» What to work on
Every record must be restated exactly. Drop the images.

» Input for this task
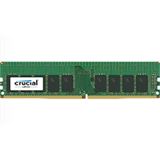 16GB Crucial CT16G4WFD8213 DDR4-2133 ECC DIMM CL15 Single
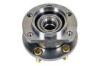 Front Hub Wheel Assemblies 512125 4486860 BR930193 For Chrysler , Dodge , Plymouth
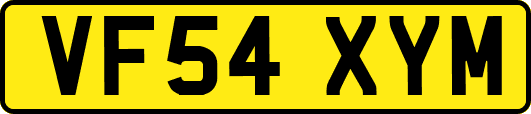 VF54XYM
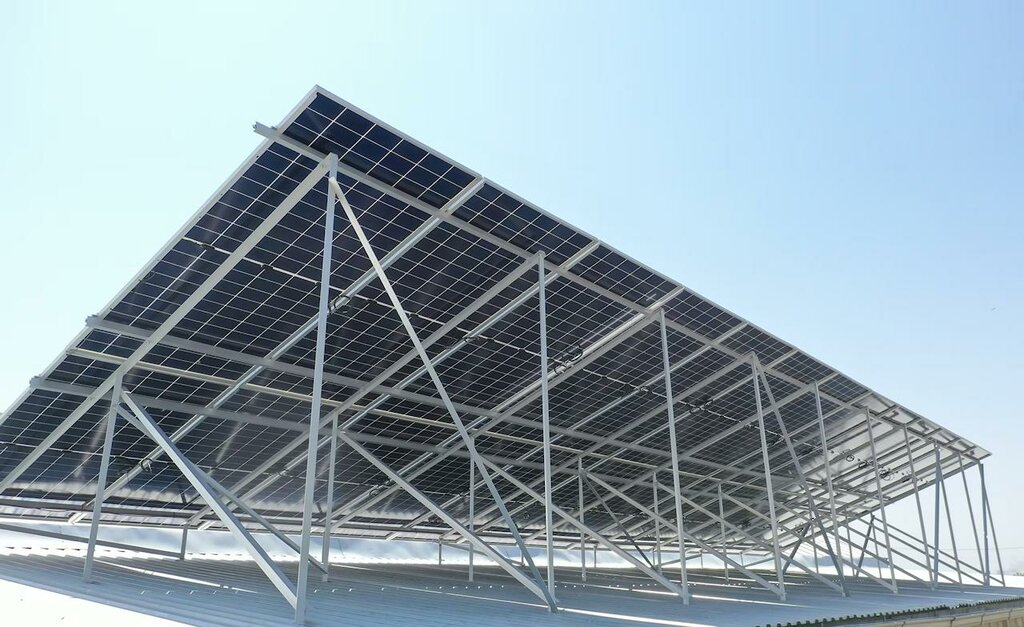 Energy equipment Fast Energy, Yerevan, photo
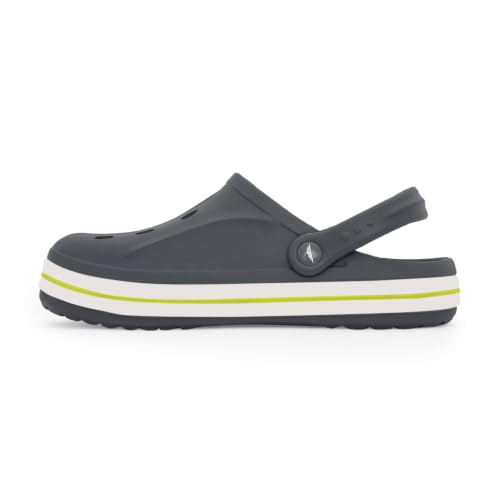 Image of Red Tape Men's Clogs for Lightweight Everyday Comfort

» Answer to this exercise
 16GB Crucial CT16G4WFD8213 DDR4-2133 ECC DIMM CL15 Single
 Front Hub Wheel Assemblies 512125 4486860 BR930193 For Chrysler , Dodge , Plymouth
 VF54XYM
 Energy equipment Fast Energy, Yerevan, photo
 Image of Red Tape Men's Clogs for Lightweight Everyday Comfort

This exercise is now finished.